News 11 aired this Investigative Report on teen suicide Thursday night.
Nate and Wyatt grew up together in small town Wayne, Ohio. They've been friends for as long as they can remember.
But neither could've guessed what a difference that friendship would make. Just over a year ago, Nate hatched a plan.
"Well, my friend committed suicide, and I was going to," Nate says about his plans.
It wasn't because his friend had died. In fact, Nate has trouble pinpointing what exactly was pushing him toward a path of destruction.
"Back in 8th grade, I guess I was kind of cool, but then I had some friends that would pick on me. One of my ex-girlfriends put me through a bunch of stuff. Didn't think there was nothing else to do, so."
Suicide prevention consultant Ann Huss, part of Wood County's Suicide Prevention Coalition, says there are signs to watch for in young people.
"There are warning signs that define clinical depression," Huss says.
Look for things like changes in sleeping or eating habits. Are friends, mode of dress, taste in music changing? Are they watching more violent shows, is personal hygiene less important" Are they withdrawing from friends or family"
Nate successfully hid any signs from family. But that lifelong friendship thing? His buddy Wyatt saw Nate withdrawing and asked him about it one Wednesday night at church.
Nate would only change the subject, but late that night Wyatt wouldn't let it go.
"Just something inside of me just told me you need to call Nate because there's something wrong with him, you need to call him."
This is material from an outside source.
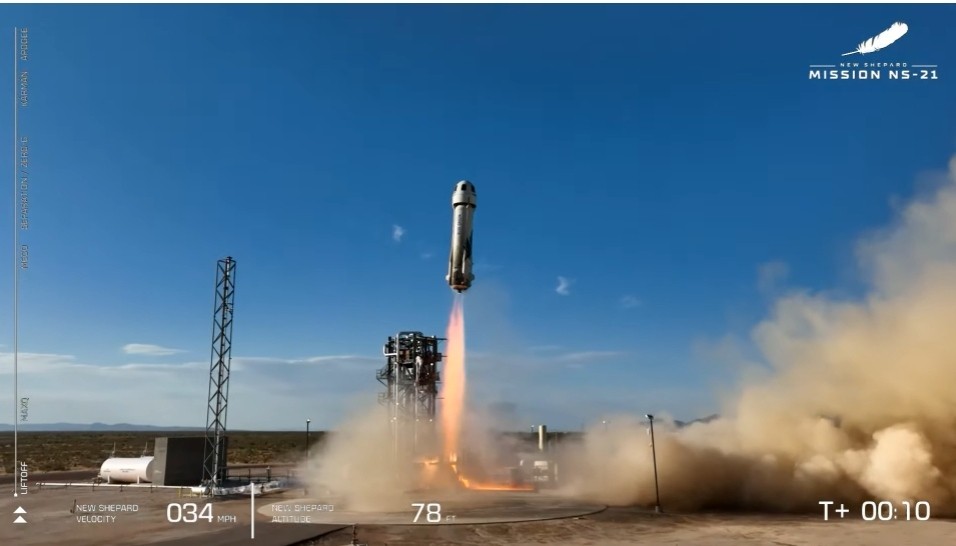 Blue Origin Sukses Terbangkan 6 Orang Wisatawan ke Luar Angkasa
The lateness of the call, the sound of sobbing beyond a bedroom door made Nate's mom Deana suspicious and she reached for a phone.
She heard Wyatt trying to talk Nate out of suicide. She didn't sleep but also didn't know what to do.
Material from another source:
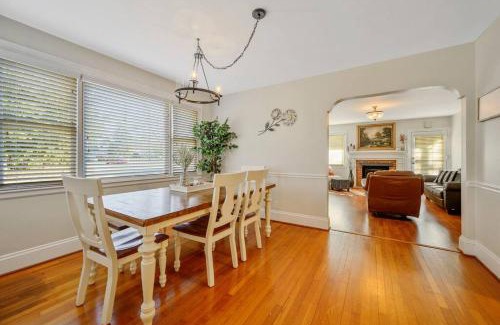 Apex Maison | Center St Retreat - 1 Block from Downtown!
Deana made sure Nate got on the bus the next morning. Then she e-mailed a school counselor with what had happened.
That counselor called Deana at work and said, "You need to get here."
"Nate actually had a party planned for Friday. He told her that was his going away party. That was his last time to tell everybody good bye."
Nate and Deana went to counseling and he's doing well enough to share some advice with other teens.
"I learned a lot that when something's bothering you, you should tell somebody instead of letting it build up or whatever," Nate says today.
Friends learn to talk with each other and never promise that you'll keep a suicide threat a secret.
And parents know that talking to their children opens that up that communication.
Talking about it is a good thing. It's therapeutic, and it helps children know they're not alone.